• [Records shown]
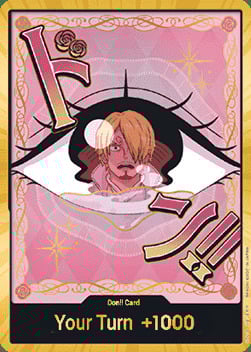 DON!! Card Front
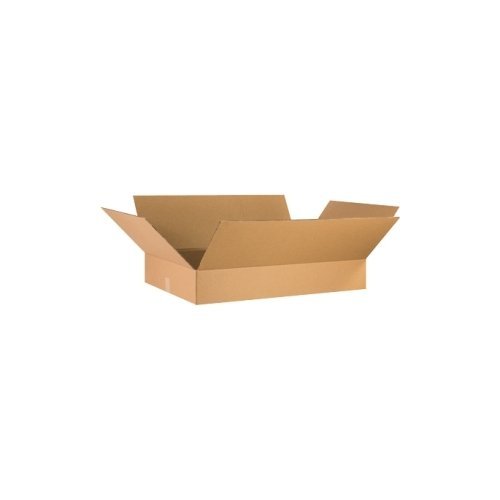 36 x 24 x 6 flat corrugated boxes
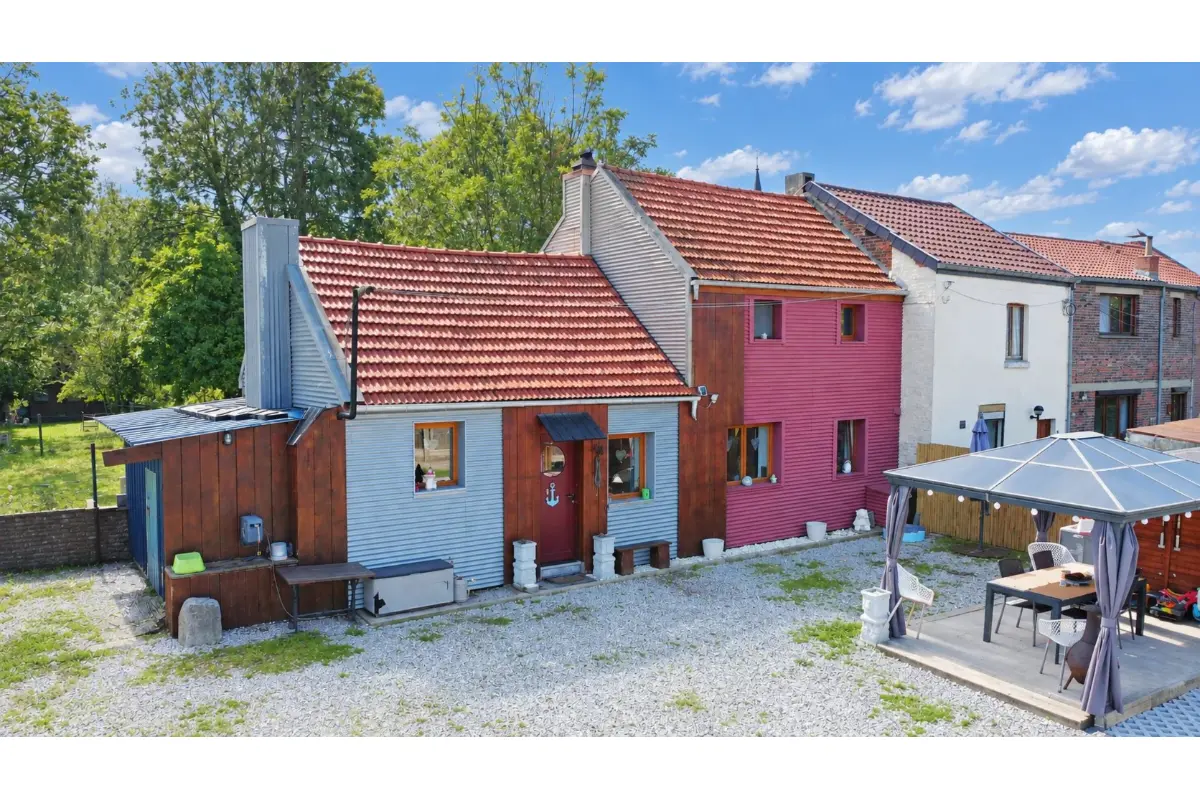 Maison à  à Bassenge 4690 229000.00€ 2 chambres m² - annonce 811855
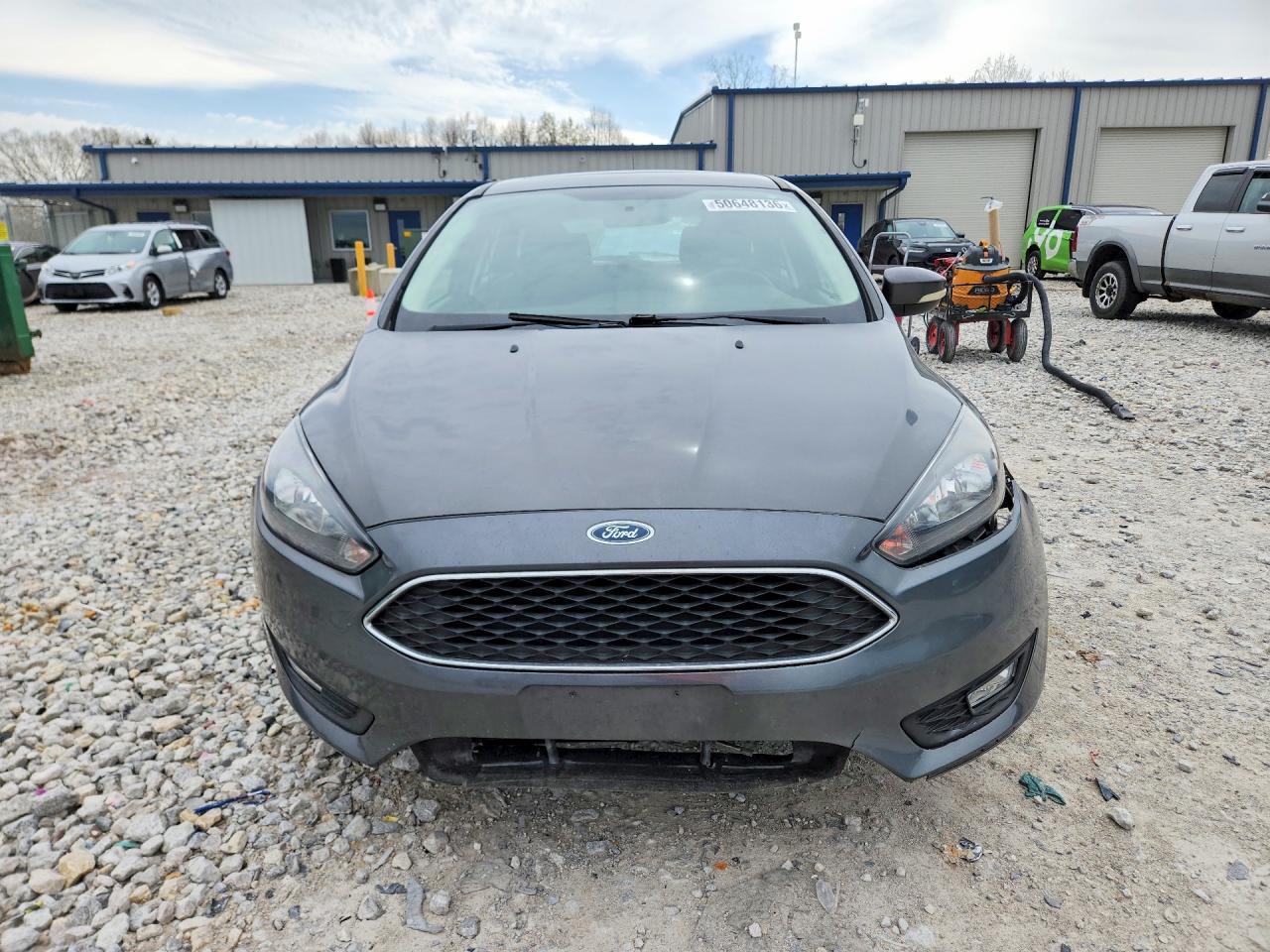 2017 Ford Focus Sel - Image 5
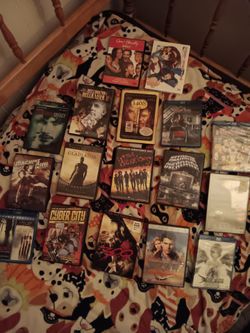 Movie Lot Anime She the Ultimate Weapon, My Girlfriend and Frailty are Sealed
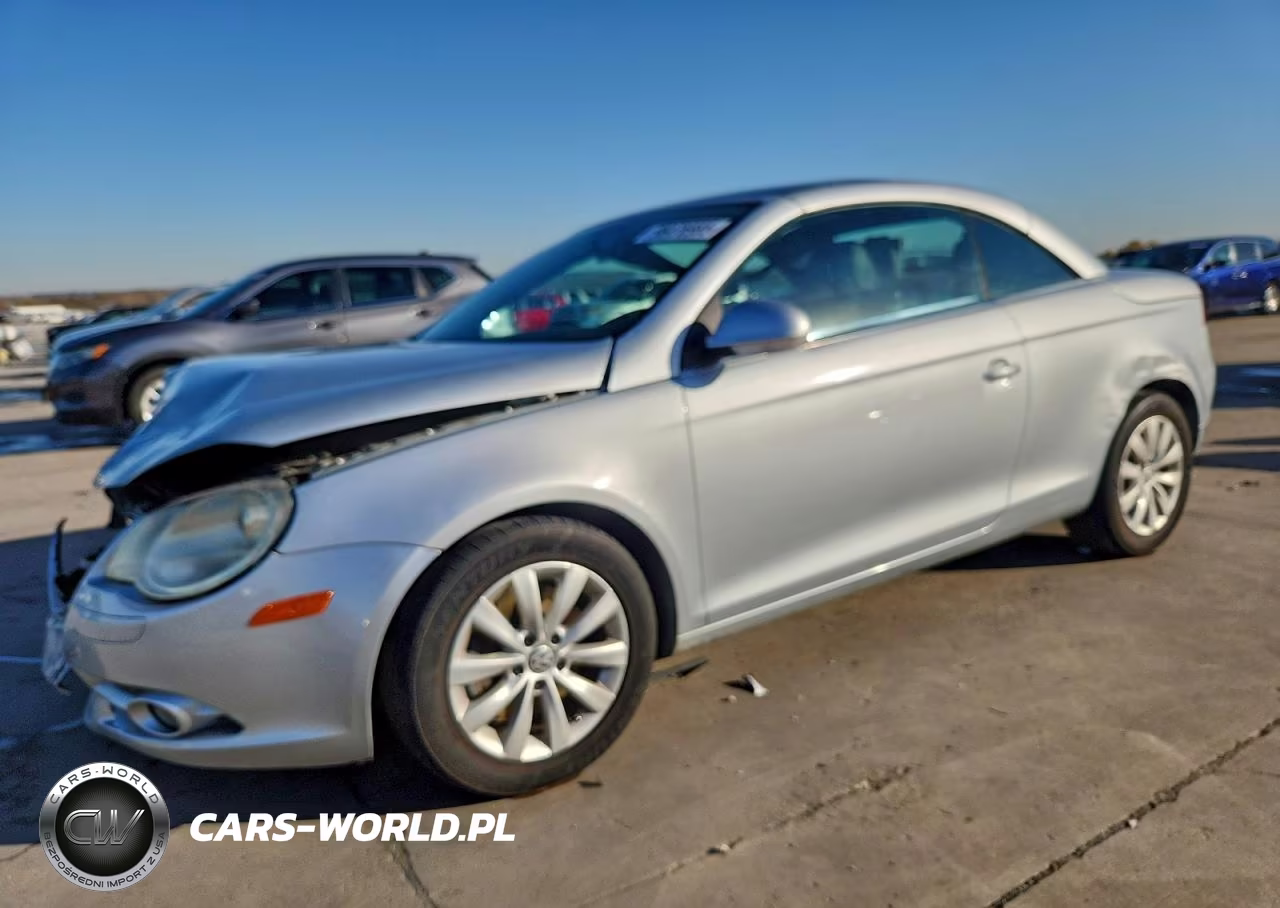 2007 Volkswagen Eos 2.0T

• [Instructions to follow] Please write out, word for word, each line from the one with "- annonce 811855" to the last line of the data, keeping both ends and omitting pictures.

• [Result]
 Maison à  à Bassenge 4690 229000.00€ 2 chambres m² - annonce 811855
 2017 Ford Focus Sel - Image 5
 Movie Lot Anime She the Ultimate Weapon, My Girlfriend and Frailty are Sealed
 2007 Volkswagen Eos 2.0T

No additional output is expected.